* _Assignment_:
Drop the images; return everything else in the listing below exactly.

* _Data segment_:

------------------------

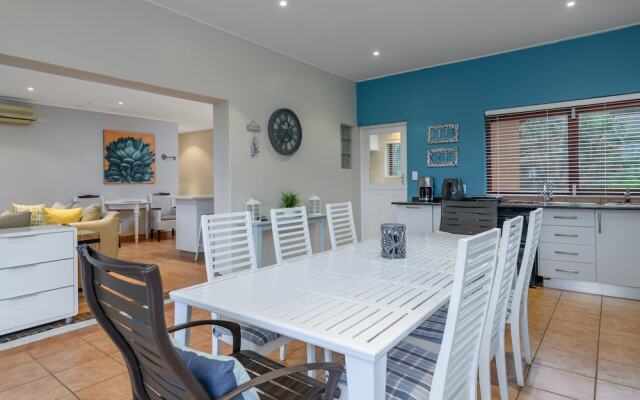 San Lameer Villa Rentals 14105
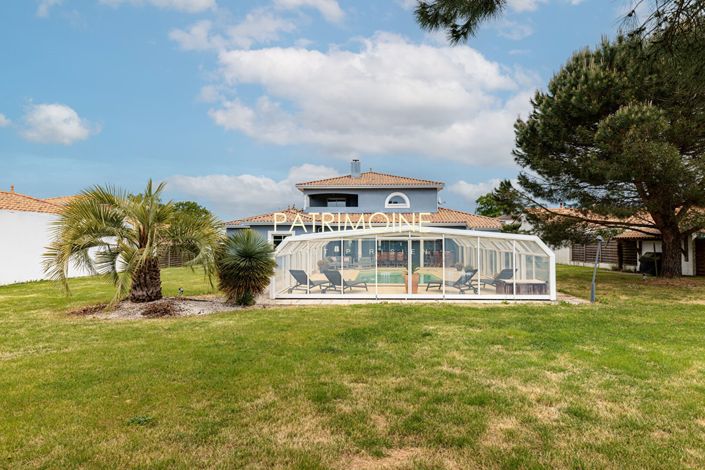 Image No.8-4 Bed House for sale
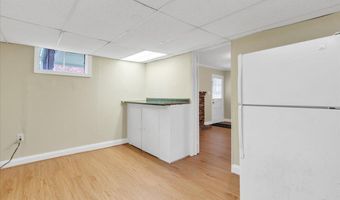 664 GREENBRIER St, Arlington, VA 22204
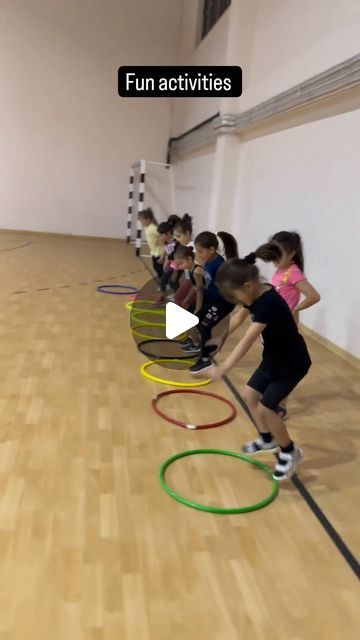 Physical Activities For Preschoolers, Sports Day Activities, Pe Games Elementary, Motor Skills Preschool, Gym Games For Kids, Sports Activities For Kids, Elementary Physical Education, Group Games For Kids, Pe Activities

------------------------

* _Written answer_:
 San Lameer Villa Rentals 14105
 Image No.8-4 Bed House for sale
 664 GREENBRIER St, Arlington, VA 22204
 Physical Activities For Preschoolers, Sports Day Activities, Pe Games Elementary, Motor Skills Preschool, Gym Games For Kids, Sports Activities For Kids, Elementary Physical Education, Group Games For Kids, Pe Activities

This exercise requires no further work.